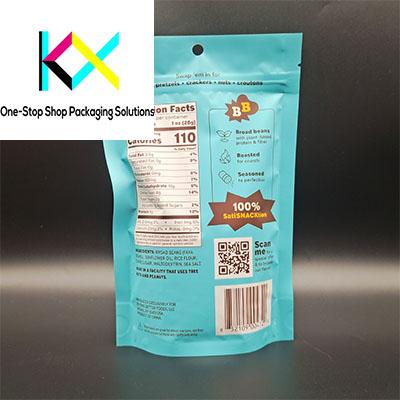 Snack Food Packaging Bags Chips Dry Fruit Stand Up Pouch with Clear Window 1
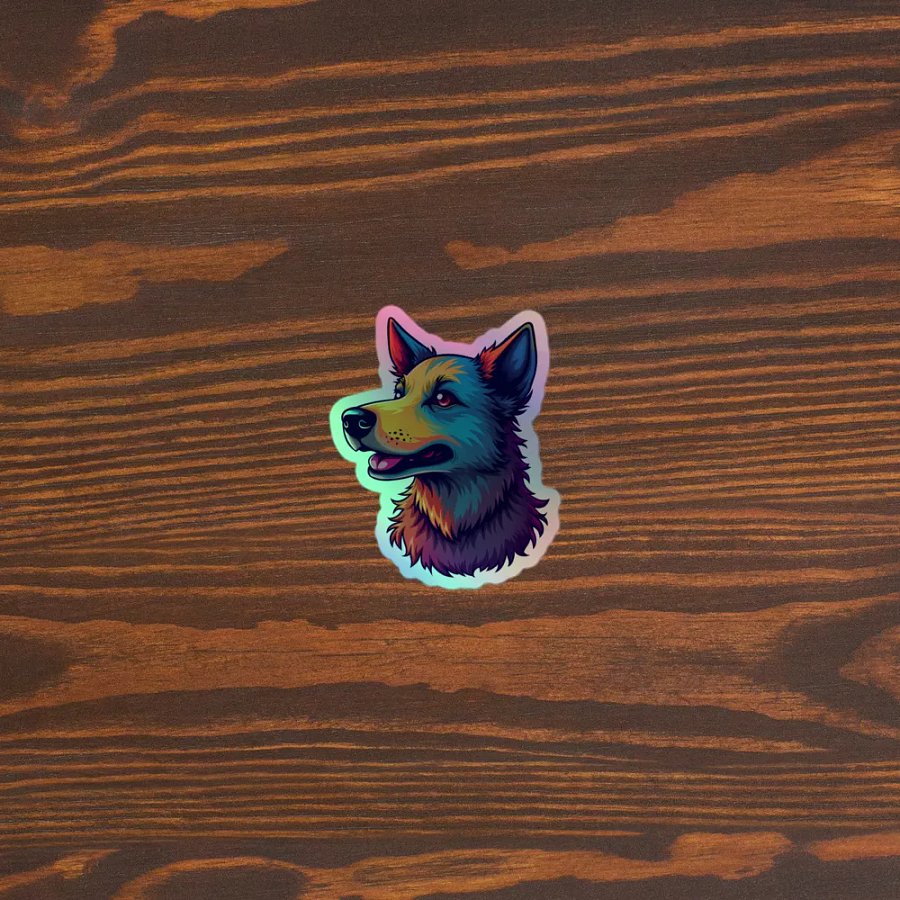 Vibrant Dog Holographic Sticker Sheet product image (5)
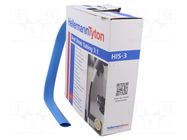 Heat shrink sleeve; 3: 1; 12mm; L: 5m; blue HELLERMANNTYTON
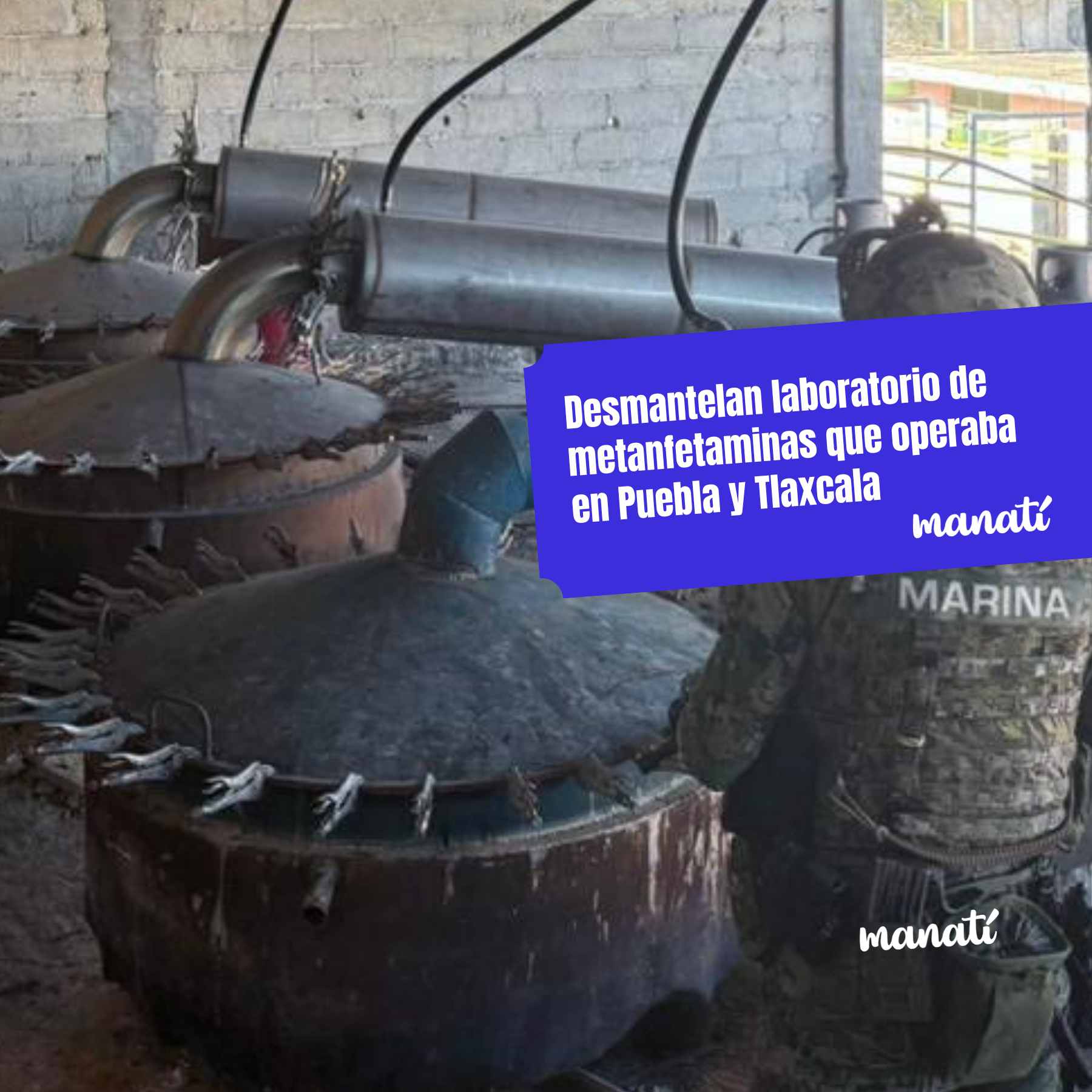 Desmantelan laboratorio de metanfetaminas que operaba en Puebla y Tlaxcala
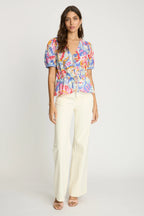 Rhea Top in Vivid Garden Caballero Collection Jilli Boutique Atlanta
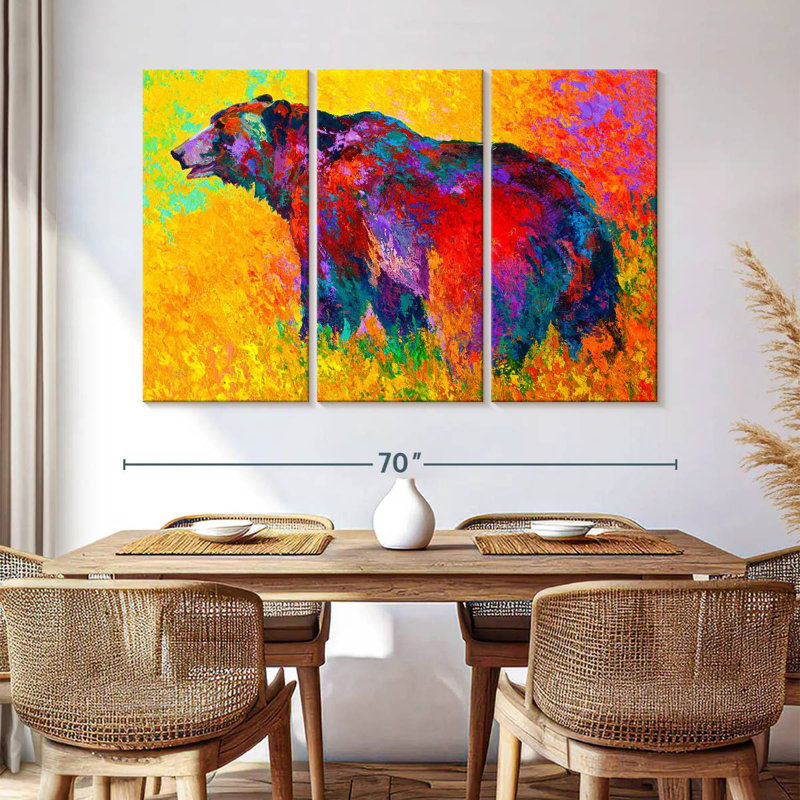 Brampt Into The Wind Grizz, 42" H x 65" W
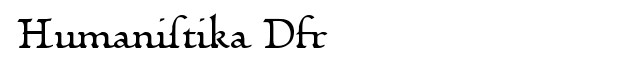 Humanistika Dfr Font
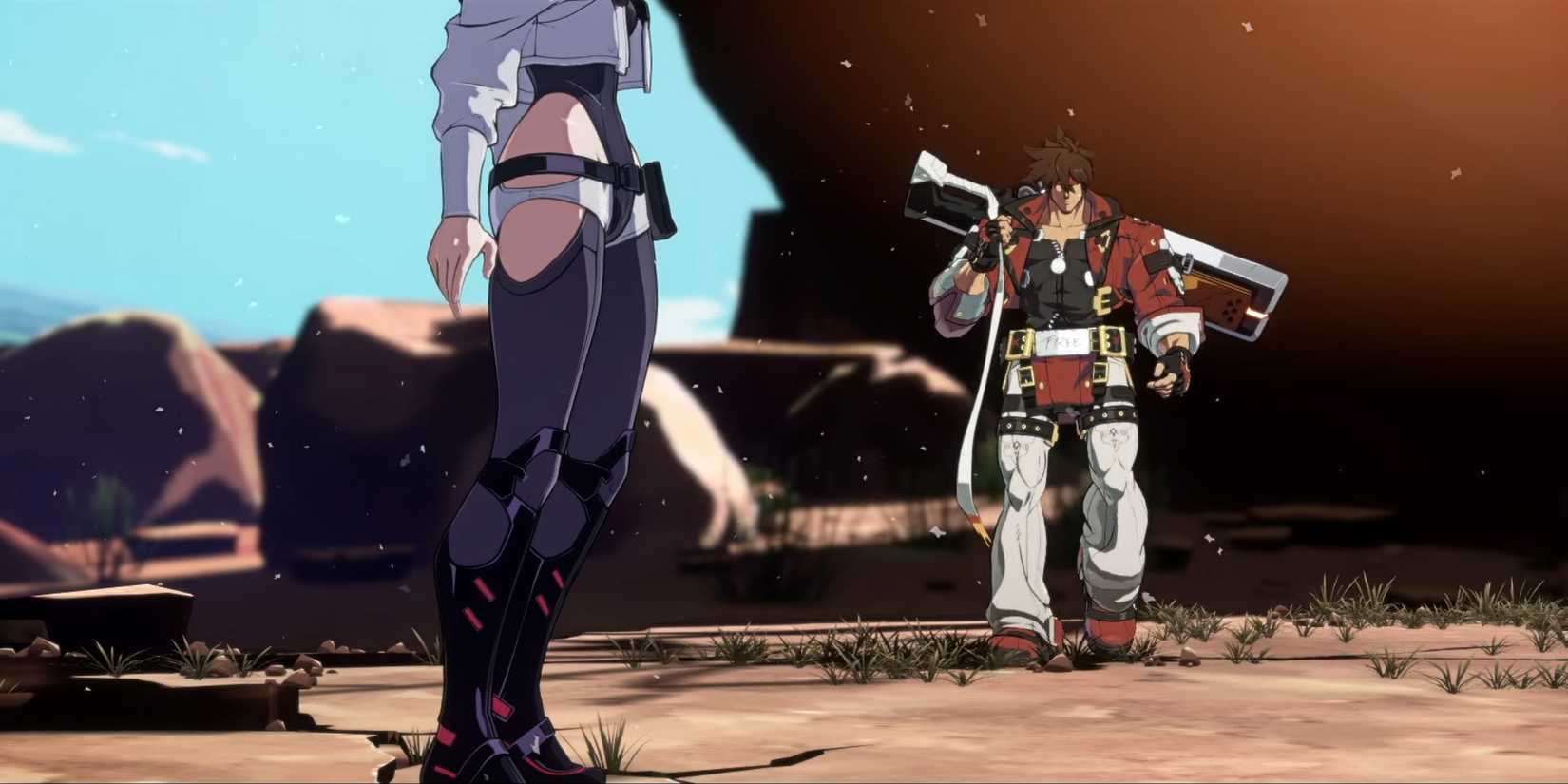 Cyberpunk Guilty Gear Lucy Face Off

== == ==

Work task. Pictures stay out; retype only the lines from the line containing "Vibrant Dog Holographic" through the end of the listing, inclusive, exactly as they appear.

Result of this task.
 Vibrant Dog Holographic Sticker Sheet product image (5)
 Heat shrink sleeve; 3: 1; 12mm; L: 5m; blue HELLERMANNTYTON
 Desmantelan laboratorio de metanfetaminas que operaba en Puebla y Tlaxcala
 Rhea Top in Vivid Garden Caballero Collection Jilli Boutique Atlanta
 Brampt Into The Wind Grizz, 42" H x 65" W
 Humanistika Dfr Font
 Cyberpunk Guilty Gear Lucy Face Off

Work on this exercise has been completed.